Un film que je revois d'un autre oeil. La première fois, j'avais pris
The Host pour un simple film de monstres. Erreur monumentale, puisque dès l'introduction fortement symbolique, ce ne sera qu'un prétexte pour dresser un portrait riche et foisonnant sur les dessous nauséabonds de la Corée du sud. Une bête qu'on voit en effet quinze minutes à tout casser sur les deux heures du long-métrage (d'ailleurs pas toujours bien intégrée à l'image, surtout au début quand elle apparaît en plein jour, un défaut technique compensé par son look singulier d'affreux calamar tout droit sorti d'une soupe Kimchi, et sa constante morfale) mais qui va effleurer : problèmes écolo, inégalités sociales et économiques, corruption généralisée, politique de la peur reprise par les médias, et immobilisme de la police. Et ce qui m'a surtout épaté, c'est la gestion des ruptures de ton qui permettent un sacré bon petit divertissement - malgré l'intelligence du script et sa profondeur qui ne plombent jamais le rythme -, mélangeant souvent sur le même plan critique de la société, drame familial, comédie burlesque, et chasse au monstre, au point que j'étais presque choqué de voir une scène comme celle de l'enterrement, aussi drôle que tire-larmes.

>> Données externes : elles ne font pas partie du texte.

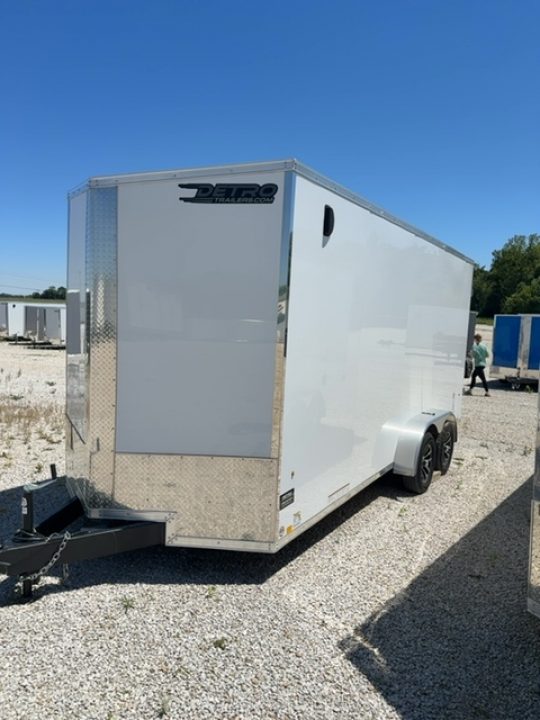 2025 Enclosed Cargo Trailer photo 2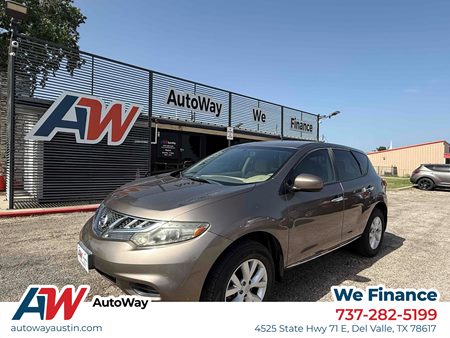 2013 Nissan Murano S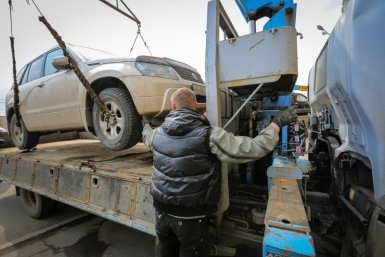 Власти Краснодара уточнили, как будут работать эвакуаторы и сколько придется заплатить Антон Балашов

Faut dire aussi que le coeur du film est super attachant, à savoir cette famille de gentils toqués et laissés pour-compte, divisée puis rassemblée autour de cette charmante jeune ado enlevée par la vilaine bestiole tentaculaire au fond des égouts, encore une autre image très marquante de ce que tous vont devoir affronter. Chacun des membres a un petit truc qui leur manque pour être accompli, et poussés par la même cause ils vont se défoncer, d'abord comme groupe contre la société égoïste et intéressée qui les entoure - hôpital, collègues, armée, médias - une nouvelle fois illustrée par de petites scènes décalées assez drôles par la manière dont on tourne en ridicule leurs comportements déviants - duperie, manipulation, protectionnisme - visant à faire taire les récalcitrants par rapport à la disparition de la fille (associée à un secret d'Etat), puis comme individus, ce qui apporte une dimension épique et tragique au récit, tandis que ça débutait davantage comme un film à prendre au second degré. A ce titre, l'écriture des personnages joue dans la balance, bien caractérisés par leurs petites tares, puis connaissent une évolution touchante au fur et à mesure jusqu'à retourner ce qui leur faisait défaut contre la bête qui incarne au fond tout ce qu'on leur a enlevé.
The Host, un modèle de construction et de la manière dont on peut adapter un genre ultra codifié pour parler de problèmes graves sans oublier le divertissement et l'implication du spectateur, qui évolue en même temps que cette famille d'
outsiders qui fait face à une société immergée dans ses maux, le tout en passant par un spectre d'émotions très complet (rires, frissons, larmes, bonheur). Bien plus qu'un film de monstres, un beau film post 09-11 blindé de symboles toujours bien intégrés au récit, et porté par une réalisation maîtrisée en constante renouvellement de styles et d'ambiances.